The attacks coincided with the release of a report by Human Rights Watch that accuses Russia and the Syrian government of using cluster bombs - indiscriminate, scattershot munitions - that have killed dozens of civilians in Syria in recent weeks.
As many as nine airstrikes struck the rebel-held city of Idlib on Sunday morning, killing at least 36 civilians and insurgents, said Rami Abdurrahman, who heads the Britain-based Syrian Observatory for Human Rights. The warplanes hit a courthouse and an intelligence building used by opposition groups in the area, said Abdurrahman, whose monitoring group relies on activists inside Syria.
Russia, an important ally of Syrian President Bashar al-Assad, has been carrying out airstrikes in Syria against opposition groups since late September.
"The courthouse was full of civilians," Abdurrahman said. "The Russians have been hitting everything, killing civilians and striking whatever they want."
The attacks could complicate perhaps the most serious diplomatic process to date for ending the Syrian conflict, which has killed more than 250,000 people, displaced millions and empowered extremist groups such as the Islamic State.
In a rare show of unity Friday, the Security Council unanimously approved a resolution endorsing peace talks between Syria's government and Assad's foes.
Initiated in Vienna in October, the proposed peace process has received backing from opponents of Assad, including the United States, and his primary allies, Russia and Iran.
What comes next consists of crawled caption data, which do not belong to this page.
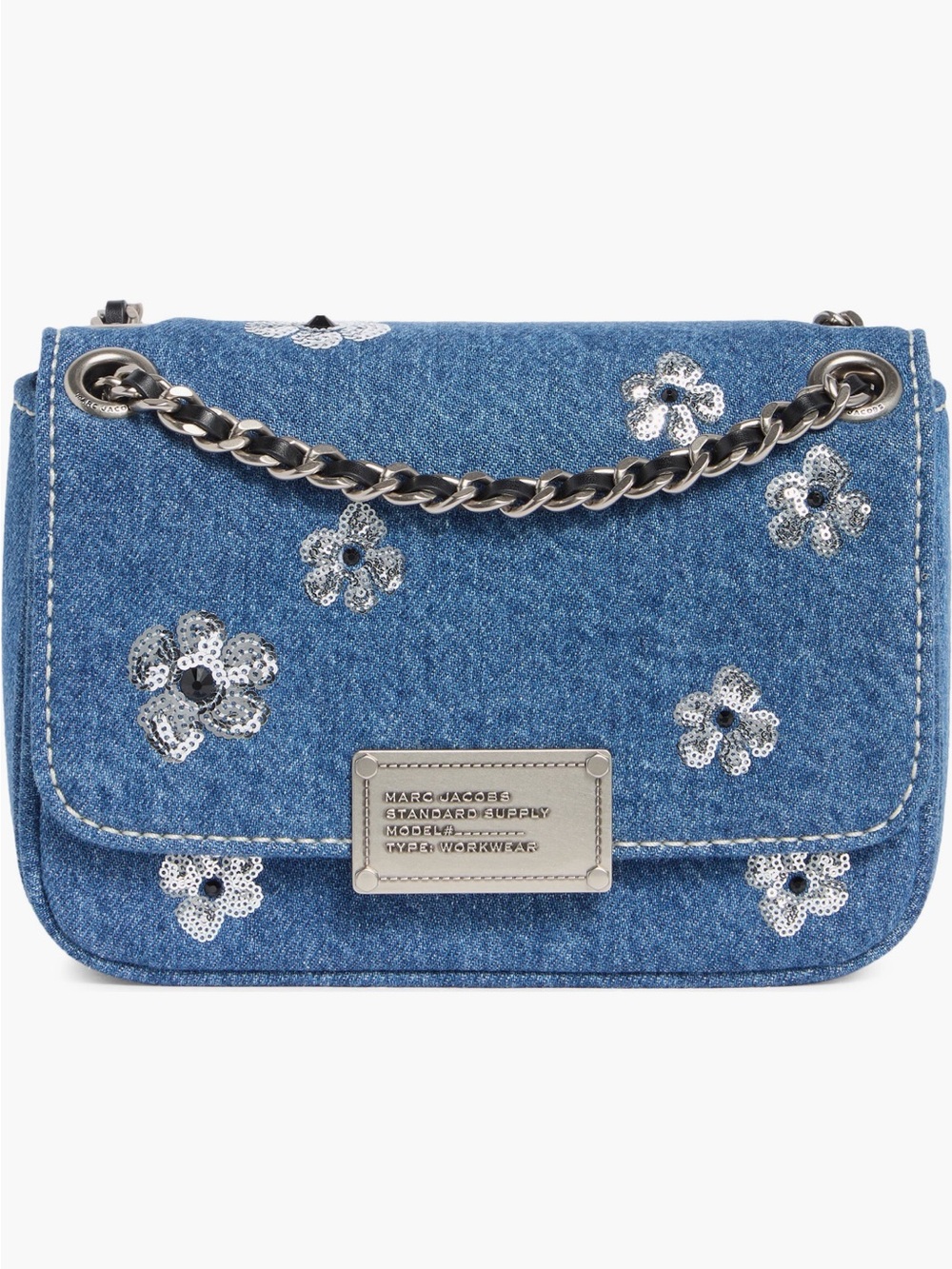 Marc Jacobs Blue Denim Mini Crossbody with Silver Sequin Flowers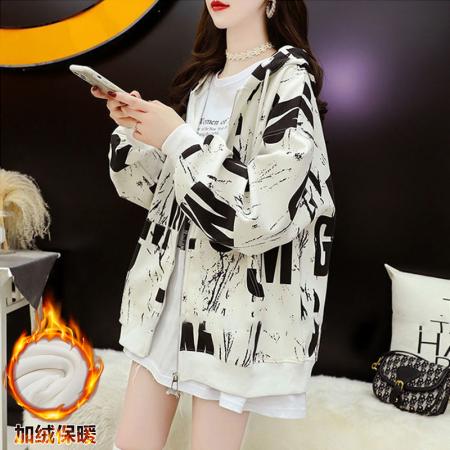 FA50944# 加厚一体绒秋冬新款加绒加厚卫衣女大码开衫外套潮 服裝批發女裝批發服飾貨源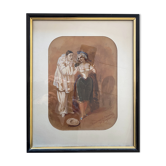 Gouache arlequin 1858 par gustave donjean (1800-1899)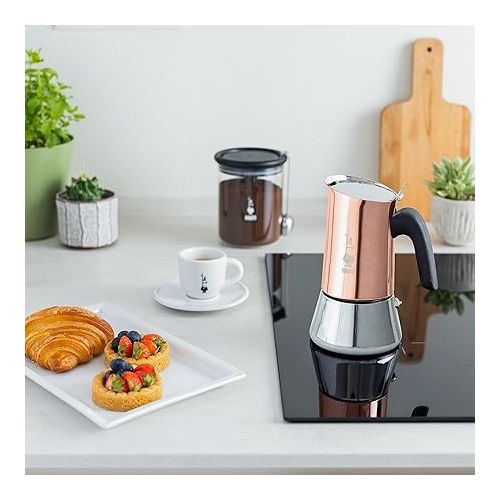  Bialetti - New Venus Induction, Stainless Steel Stovetop Espresso Coffee Maker, Suitable for all Types of Hobs, 6 Cups (7.9 Oz), Copper,Silver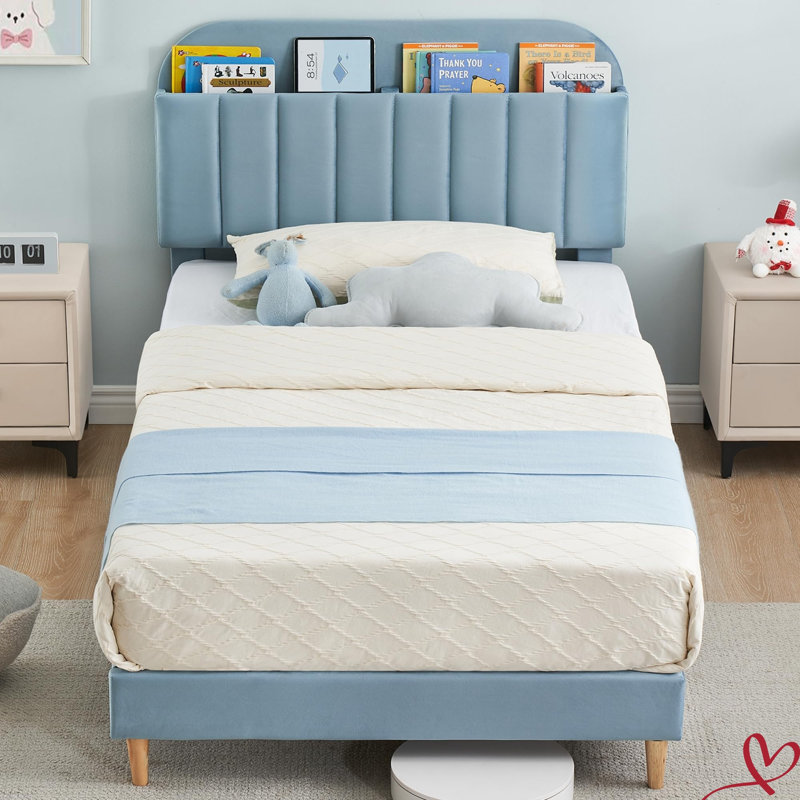 Twin/Twin XL Bed Frame with Storage Headboard Velvet Upholstered Platform Bedframe for Kids No Box Spring Needed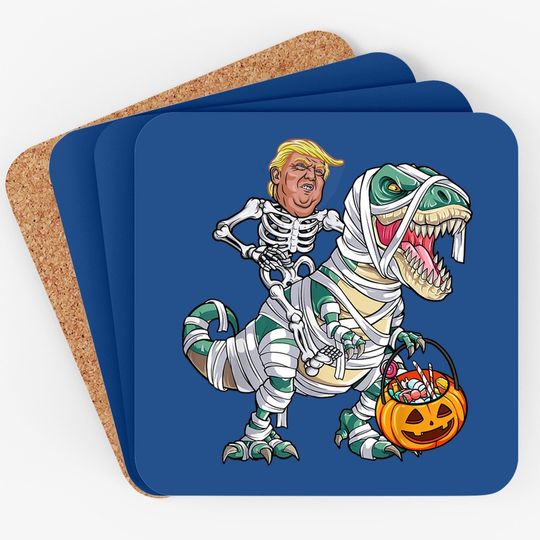 Donal Trump Riding Mummy Dinosaur T-rex Halloween Coaster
It calls for drafting a new constitution and for holding elections within 18 months, but it does not address the thorny issue of what to do with Assad during the transition process.
In video purporting to show the aftermath of Sunday's suspected Russian air raids, blood-soaked bodies lie crushed under layers of concrete and rebar.
A media activist, speaking in English, is shown in one video at the apparent scene of an attack saying that the target "was a courthouse and not a military installation."
That video shows women wearing bloodied headscarves and older men covered in dust. It then transitions to a man, apparently a civil defense worker, who is holding a baby he says was killed in the attack.
Speaking to the Reuters news agency, Yasser Hammo, a civil defense worker in Idlib, said at least 43 people were killed in the attacks Sunday.
"There are a lot of corpses under the rubble," Hammo said, suggesting the toll could climb much higher.
Syrians differentiate between government air raids and Russian airstrikes, which involve aircraft generally flying at much higher altitudes.
A coalition of Islamist opposition groups that includes Syria's al-Qaeda affiliate seized control of Idlib province this year, spurring Russia to intervene to shore up its ally.
Humanitarian groups and residents in opposition-held areas say the Russian attacks have worsened Syria's humanitarian crisis dramatically, hitting hospitals and destroying supply routes for aid. The surge of fighting since the Russian intervention has displaced an additional quarter-million people, U.N. workers say.
In its report, Human Rights Watch documented at least 20 instances of Russian and Syrian government forces using cluster bombs, including two attacks that struck a camp for displaced people. The report says that the munitions used since the Russian military campaign began were "manufactured in the former Soviet Union or Russia."
"Civilians are paying the price of the Syrian-Russian offensive's use of cluster munitions, with their lives and limbs," Ole Solvang, HRW's deputy emergencies director, said in the report.